Science and Tech

Traveling galaxies leave a tail of gas 1.5 million light-years away

Traveling galaxies leave a tail of gas 1.5 million light-years away

June 6 () –

Astronomers have confirmed that the huge tail of superheated gas left behind by a group of galaxies plunging into the Coma galaxy cluster is the best known.

This queue has, in fact, 1.5 million light-years across, or hundreds of thousands of times the distance between the Sun and the nearest starmaking it the longest tail ever seen behind a galaxy group.

In their research, they have also used it to gain a deeper understanding of how galaxy clusters, some of the largest structures in the universe, grow to their enormous sizes, reports NASA.

Astronomers trained NASA’s Chandra X-ray Observatory on the NGC 4839 group of galaxies. Galaxy groups are collections of about 50 or fewer galaxies that are held together by gravity. Galaxy clusters are even larger and can contain hundreds or thousands of individual galaxies.

Both galaxy clusters and groups of galaxies are enveloped by enormous amounts of hot gas that are best studied with X-rays. These pools of superheated gas, though extremely thin and diffuse, account for a significant portion of the mass in clusters of galaxies. galaxies and are crucial to understanding these systems.

NGC 4839 lies near the edge of the Coma galaxy cluster, one of the largest known clusters in the universe, about 340 million light-years away. As NGC 4839 moves toward the center of the Coma Cluster, hot gas from the galaxy group is blown away by its collision with the cluster gas. This results in a tail forming behind the galaxy group.

The image on the left shows an X-ray view of the Coma galaxy cluster taken with ESA’s (European Space Agency) XMM-Newton (blue), along with optical data from the Sloan Digital Sky Survey (yellow). The NGC 4839 group of galaxies is at the bottom right of that image. The box on the right is the Chandra image (purple) of the region outlined by the square. The head of NGC 4839’s tail is on the left side of the Chandra image and contains the brightest galaxy in the group and the densest gas. The tail is dragged to the right. (The Chandra image has been rotated so that North is about 30 degrees to the left of vertical.)

The current glow of the tail gives astronomers a special opportunity to study the physics of the tail gas before it mixes with the hot gas of the cluster and becomes too faint to study. The gas in the tail behind NGC 4839 finally it will merge with the large amount of hot gas already present in the Coma Cluster.

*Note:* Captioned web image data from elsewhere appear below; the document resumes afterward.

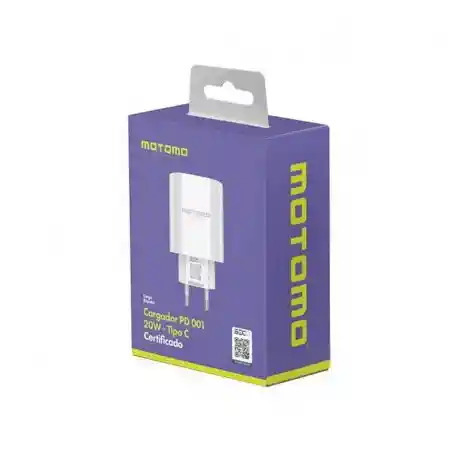 Cargador Usb Tipo C 20w Carga Rapida Motomo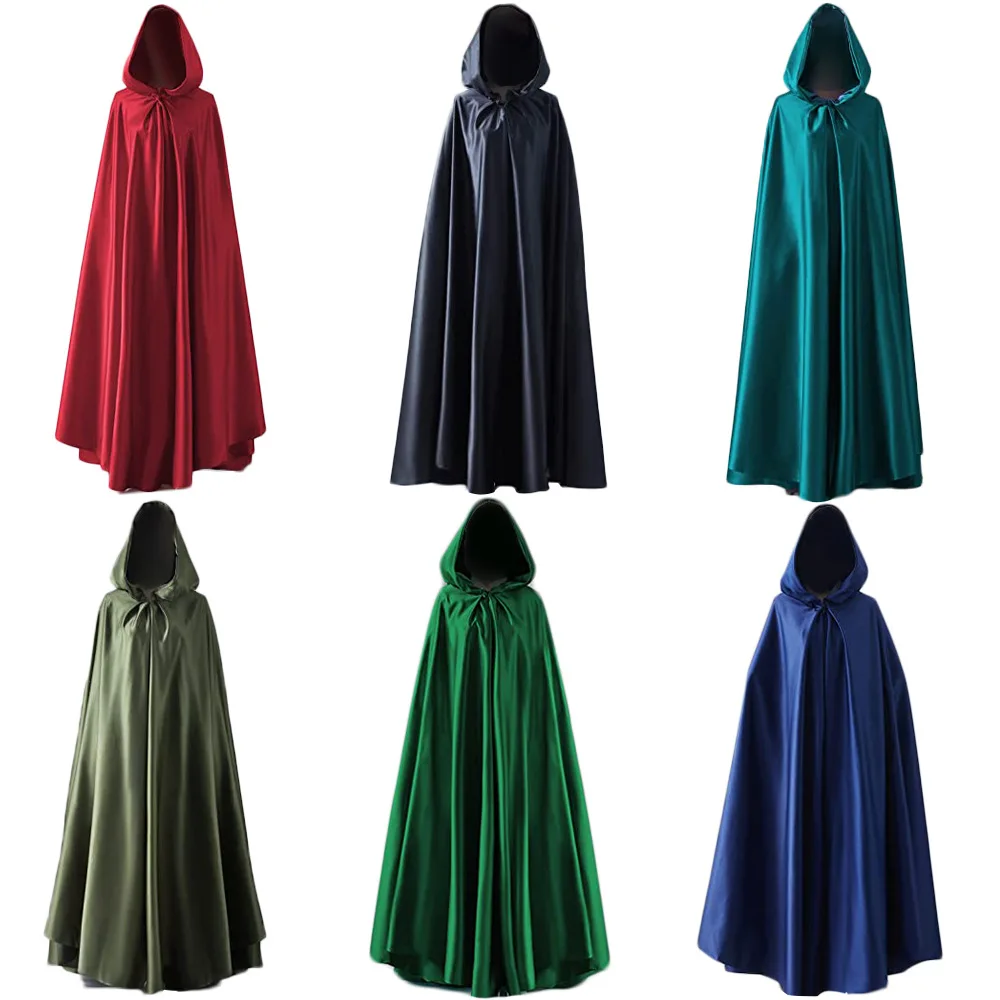 2023 Хэллоуин, женский, мужской, длинный, взрослый, герой, ведьмахт, мантия с капюшоном, косплей, атласный красный средневековый плащ 
2023 Хэллоуин, женский, мужской, длинный, взрослый, герой, ведьмахт, мантия с капюшоном, косплей, атласный красный средневековый плащ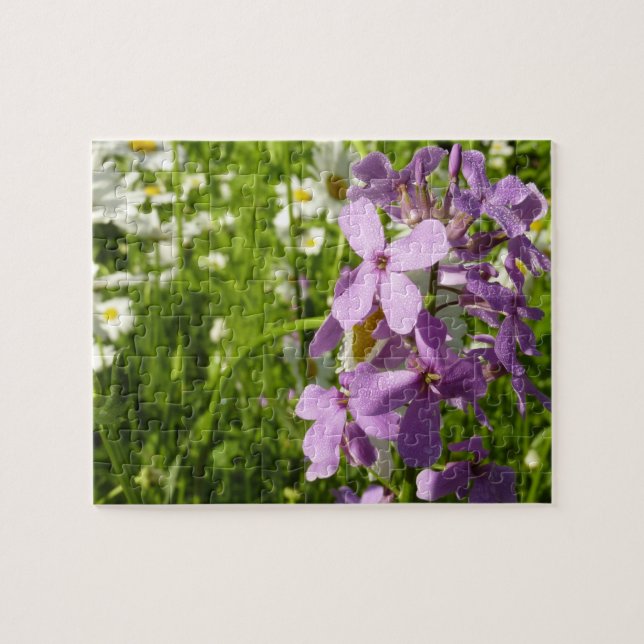Summer Lilac and Daisies Jigsaw Puzzle (Horizontal)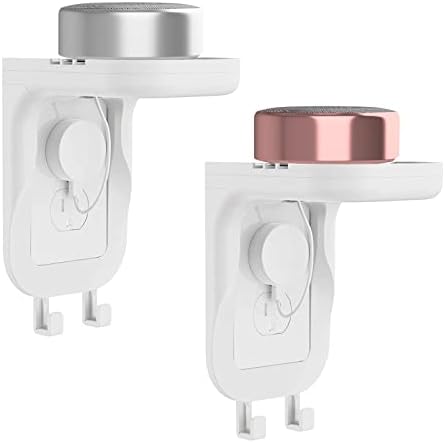 WALI Outlet Shelf Wall Holder, Fit for Duplex GFCI Decorative Outlet Shell A Space Saving for Smart Home, Speaker Mounts up to 20lbs with Cable Management (OSH002-W), White by WALI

Using the Chandra data to analyze the gas in front of the galaxy group, the researchers found a shock wave, similar to the sonic boom of a supersonic aircraft, showing that NGC 4839 is traveling at approximately 4.5 million kilometers per hour through of the galaxy cluster.

They also studied the amount of turbulence in the tail gas. For a familiar analogy, turbulence describes the irregular movements of air in our atmosphere that can cause bumpy rides on airplanes. They encountered a slight amount of turbulence, which implies that heat conduction in NGC 4839 is low.